Everyone tell me what they think.  The spices will all be in equal parts, except for the mustard. 

Garlic Powder

Smoked Paprika

Mustard Powder

Seasoning Salt

a small bit of brown sugar (maybe a tablespoon in total)

Chili Powder


----------



## s2k9k (Feb 2, 2013)

More heat!


----------



## mytime321 (Feb 2, 2013)

some cayenne?


----------



## davidhef88 (Feb 2, 2013)

Some cayenne pepper, black pepper , and some white pepper


----------



## linguica (Feb 2, 2013)

I know this is short notice, but a good off the shelf seasoning is "Pappy's". Just add cayenne for extra heat.


----------



## mytime321 (Feb 2, 2013)

I called and went to about 5 stores looking for jalapeno powder, none of them had any.


----------



## linguica (Feb 2, 2013)

Mytime321 said:


> I called and went to about 5 stores looking for jalapeno powder, none of them had any.

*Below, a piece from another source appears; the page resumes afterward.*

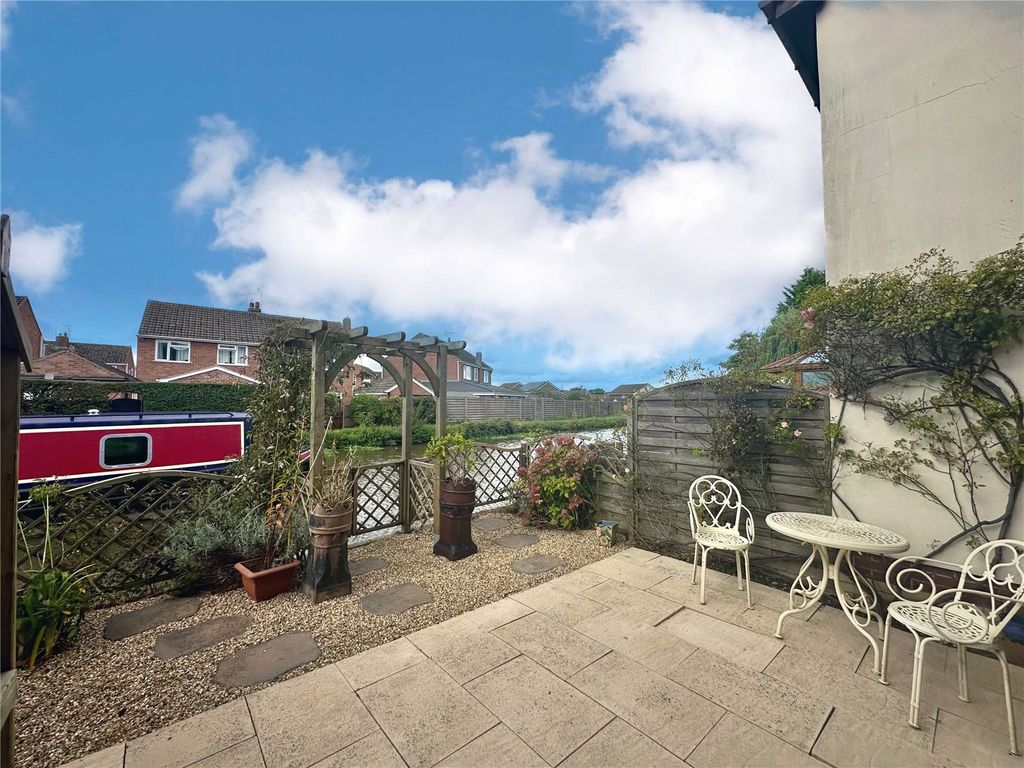 Property photo 1 of 23 Picture No. 25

A Mexican market will have dried chipotle peppers (smoked jalapenos) or canned chipotles in adobo sauce.


----------



## s2k9k (Feb 2, 2013)

I use Chef JimmyJ's Original BubbaQ rub on wings and I think it's really good, I do pump up the cayenne a bit

*Original Bubba Q Rub*
1T Kosher Salt

1T Blk Pepper

1T Wht Pepper *

1T Paprika

1T Chili Powder

1T Gran Garlic

1T Gran Onion

1T Mustard Powder

1tsp Thyme

1tsp Oregano

1tsp Cayenne

1/4C Turbinado Sugar

Makes 3/4 Cup...enough for 2-3 Butts or Racks

* Note: I left this out of the last batch and I think I may like it better...

I also inject my wings with hot sauce because I like the sauce in my wings and not all over my fingers!


----------